Young people too moved away to study and find jobs. Banks and schools closed.

Some communities in the Murray-Darling Basin still thrive but they are only the ones near big regional towns like Toowoomba - one of Australia's fastest growing regional centres.

Now the State Government's mooted this idea of having two capital cities in Queensland Townsville and Brisbane to stop the clutter of suburban spread, traffic gridlock and overpopulation in our capital.

I reckon we need to build grids of cities across the Great Dividing Range: Brisbane, Charleville, Charters Towers, Townsville - cities that are near rivers. Rivers always mean life.

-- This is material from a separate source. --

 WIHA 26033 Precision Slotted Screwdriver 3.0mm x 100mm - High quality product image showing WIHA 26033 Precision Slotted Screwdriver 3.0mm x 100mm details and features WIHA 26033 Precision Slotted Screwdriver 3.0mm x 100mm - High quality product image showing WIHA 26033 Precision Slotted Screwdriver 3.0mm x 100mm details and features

Then you connect them up with a river of broadband and we build communities - not residential suburbs with no public transport, jobs or opportunities - we can accommodate that big population the Federal Government is talking about building - the one that the community doesn't want.

When I drove through the mountains of NSW at Christmas time I found some of the most beautiful country I've ever seen - on both sides of the range. All that land.

 

(A river in NSW that runs along a gorgeous coastline of surf beaches and national forests.)

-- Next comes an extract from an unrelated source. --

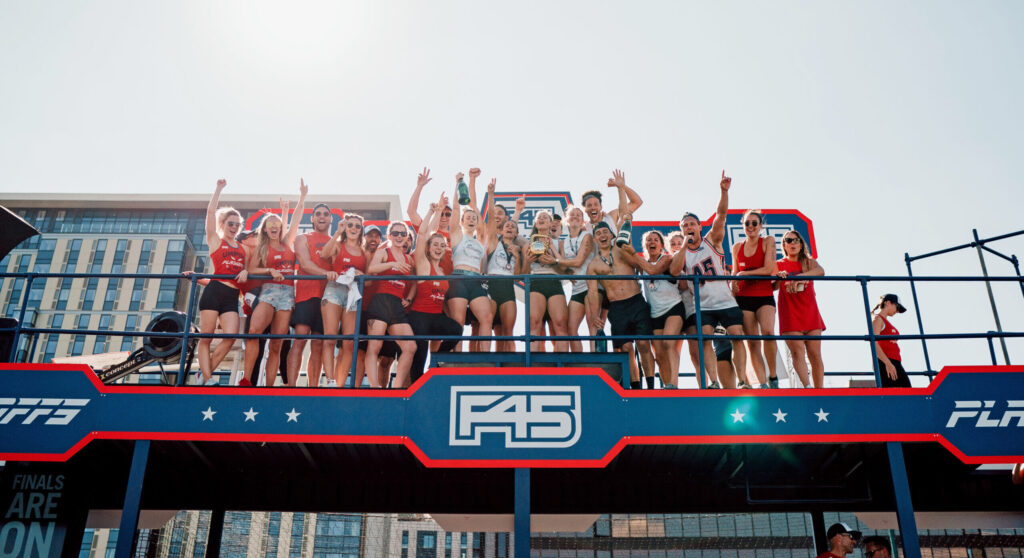 How to Effectively Run an F45 Fitness Franchise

It's funny isn't it. We who live here don't actually appreciate the opportunities we have here.

But the refugees who keep arriving in leaky boats and who are now cramped on Christmas Island - all they see is opportunity. That's why they're willing to risk it all on the toss and pitch of the ocean to get here. Would you pack up your kids and hop a broken down hovel of a boat for a holiday? 

I attended my first Screen Producers of Australia Queensland branch meeting this week. And this topic of broadband - as far as I'm concerned it's like the HOLY GRAIL!

We debated the fate of Australian film - it's on on-going debate that started decades back - but this was an interesting session because experienced feature film producers are now talking about doing interactive stories and asking the question: Does Screen Australia (Australia's main funding body for film) need to change its funding criteria to support 360 productions - not lump the interactive stuff in the budget for a "feature" film but actually fund Transmedia Productions. I know... HELLO! But it made my heart sing to hear established practitioners raising the question I've been thinking about for years.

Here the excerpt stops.